In few other areas of the global economy are the rounds of creative destruction more rapid and more intense than the HPC-AI sector. We see this today with the generative AI sensation: OpenAI’s launch of ChatGPT in November has created a firestorm of competitive responses.
At least two companies – Cerebras, maker of the dinner-plate sized Wafer Scale Engine processing unit, and big data “lakehouse” software company Databricks – have both announced open sourced large language models that they say require relatively fewer parameters and generate ChatGPT-like performance at lower cost.
Starting with Cerebras, the company announced today it is releasing (on Hugging Face and GitHub) a series of seven GPT-based LLMs for open source use by the research community.
“This is the first time a company has used non-GPU based AI systems to train LLMs up to 13 billion parameters and is sharing the models, weights, and training recipe via the industry standard Apache 2.0 license,” Cerebras said, adding that all seven models were trained on the 16 CS-2 systems in the Cerebras Andromeda AI supercomputer.
Andromeda is a Cerebras wafer-scale cluster for AI with 13.5 million cores that delivers more than 1 exaFLOP of AI compute and 120 petaFLOPS of dense compute, according to the company.
In what Cerebras said is a first among AI hardware companies, researchers at the company used the Andromeda supercomputer to train a series of seven GPT models with 111M, 256M, 590M, 1.3B, 2.7B, 6.7B, and 13B parameters.
Cerebras said this is typically a multi-month undertaking that was completed in a few weeks, which the company attributed to Cerebras CS-2 systems within Andromeda and the ability of Cerebras’ weight streaming architecture to eliminate the complexity of distributed compute across smaller processing units.
Cerebras CEO and co-founder Andrew Feldman told us the Wafer Scale Engine is a key distinction from OpenAI compute layer, which uses thousands of GPUs. Additionally, the GPT-3 LLM has 175 billion parameters (OpenAI is not disclosing the number of parameters in the recently announced GPT-4) whereas the largest of the GPT models offered by Cerebras has 13 billion parameters.

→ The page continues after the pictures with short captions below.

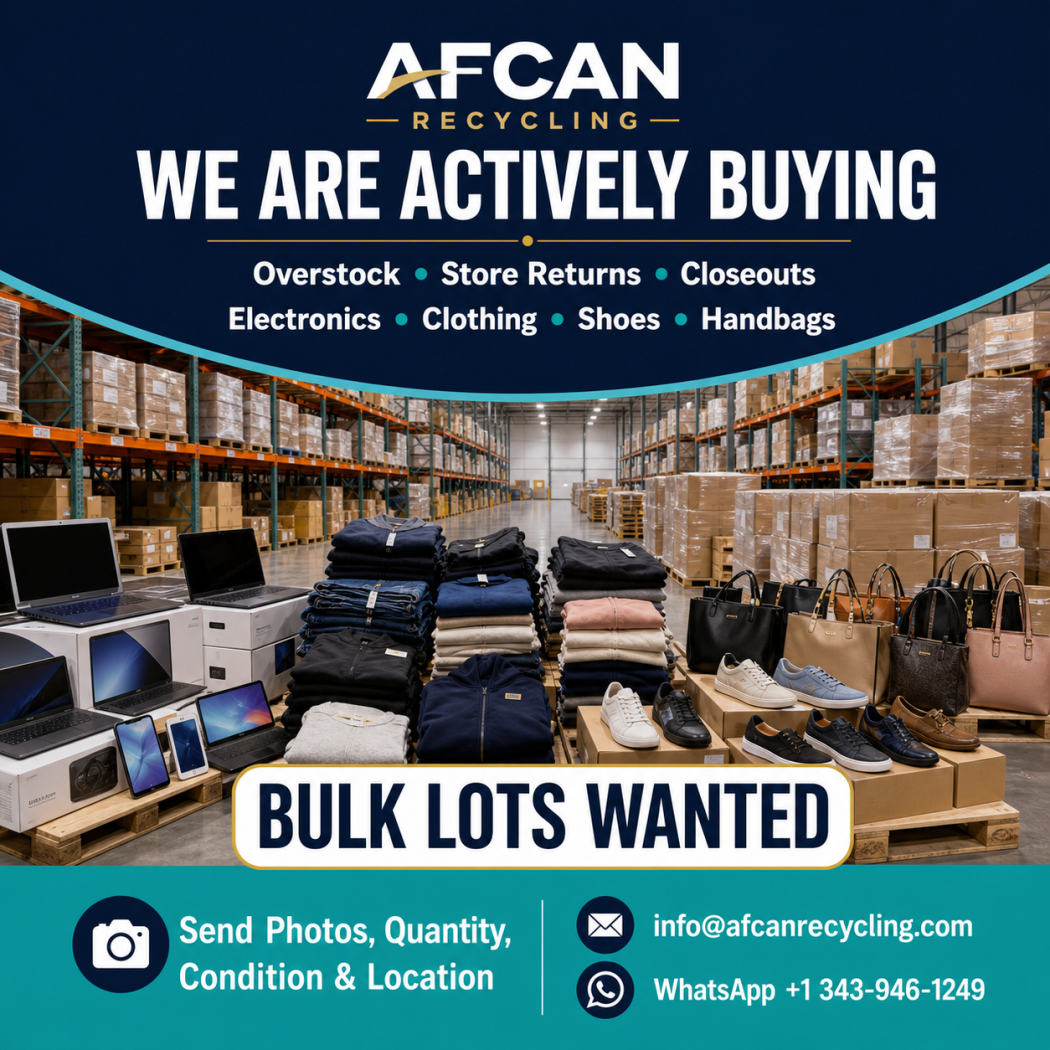 afcan-actively-buying-bulk-lots-v1
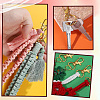 DIY Jewelry Making Findings Kits DIY-SP0004-09G-5
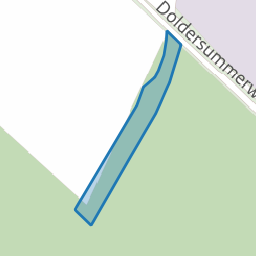 Perceel DVR00-F-2479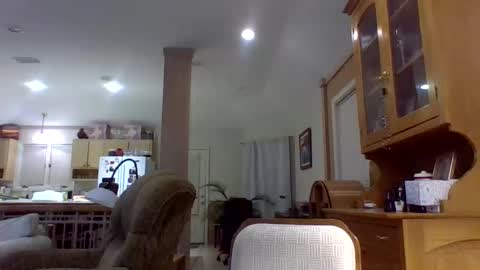 Gundja  Man online show from March 23, 1:20 am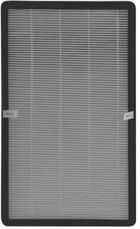 Toshiba, filtr 5w1 do CAFZ123XPL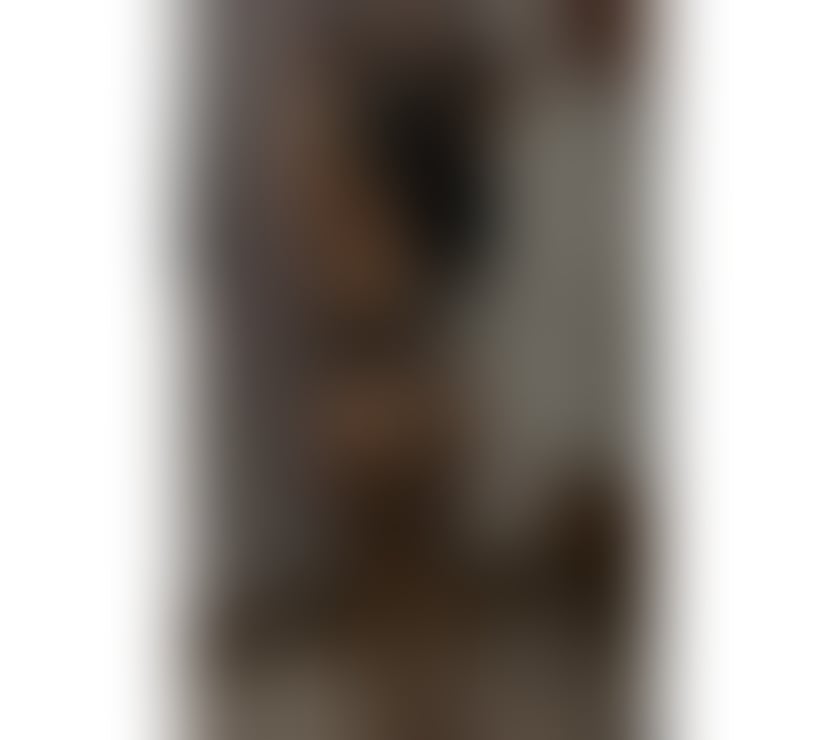 Trans Escorts Bristol Bristol City Centre - Bristol - Photos for Bella Brazilian Top Hot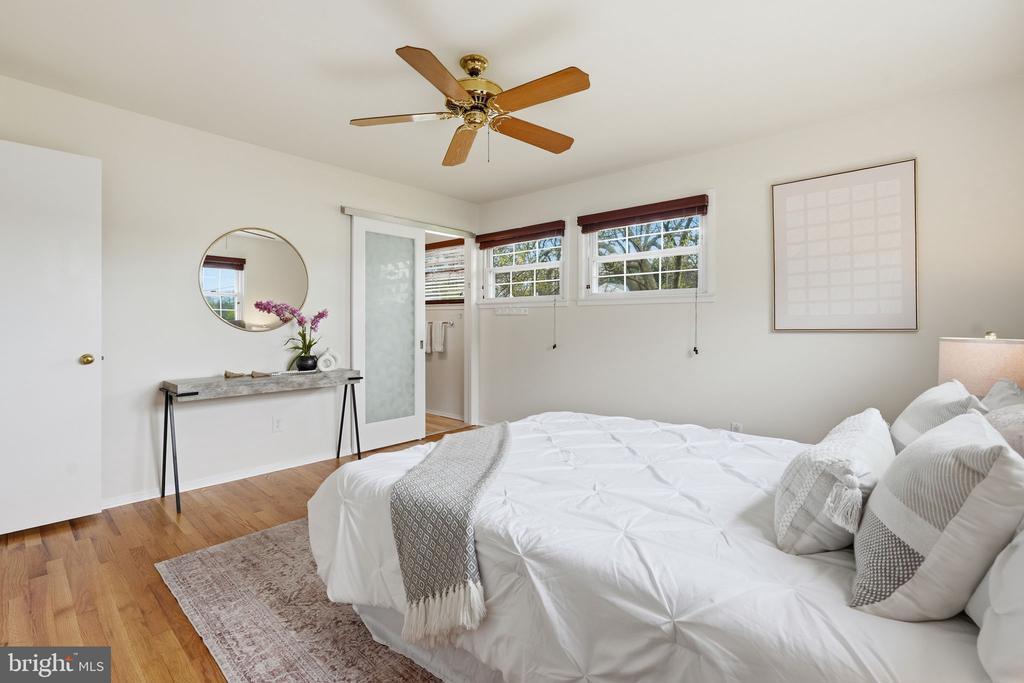 8110 CARRICK LANE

More parameters and more processors, Feldman said, means training and inferencing for Chat-GPT has to be distributed across the GPUs, a time-consuming and labor intensive task.
But the Wafer-Scale Engine’s size means Cerebras doesn’t needs to distribute calculations over multiple CS-2s, Feldman explained. “The reason you do distributed work is because your individual unit, the GPU, isn’t big enough to do the work itself,” he said. “Because we have a Wafer Scale Engine, we don’t need to break up the work.”
“Few organizations are capable of training truly large-scale models. Even fewer have done so on dedicated AI hardware,” said Sean Lie, co-founder and chief software architect at Cerebras. “Releasing seven fully trained GPT models into the open-source community shows just how efficient clusters of Cerebras CS-2 systems can be and how they can rapidly solve the largest scale AI problems – problems that typically require hundreds or thousands of GPUs.”
On open sourcing, Cerebras said other companies have stopped released their models to the public as the cost and complexity of LLM development grows.
“By releasing seven GPT models, Cerebras not only demonstrates the power of its CS-2 systems and Andromeda supercomputer as being amongst the premier training platforms, but elevates Cerebras researchers to the upper echelon of AI practitioners,” said Karl Freund, founder and principal analyst, Cambrian AI. “There are a handful of companies in the world capable of deploying end-to-end AI training infrastructure and training the largest of LLMs to state-of-the-art accuracy. Cerebras must now be counted among them. Moreover, by releasing these models into the open-source community with the permissive Apache 2.0 license, Cerebras shows commitment to ensuring that AI remains an open technology that broadly benefits humanity.”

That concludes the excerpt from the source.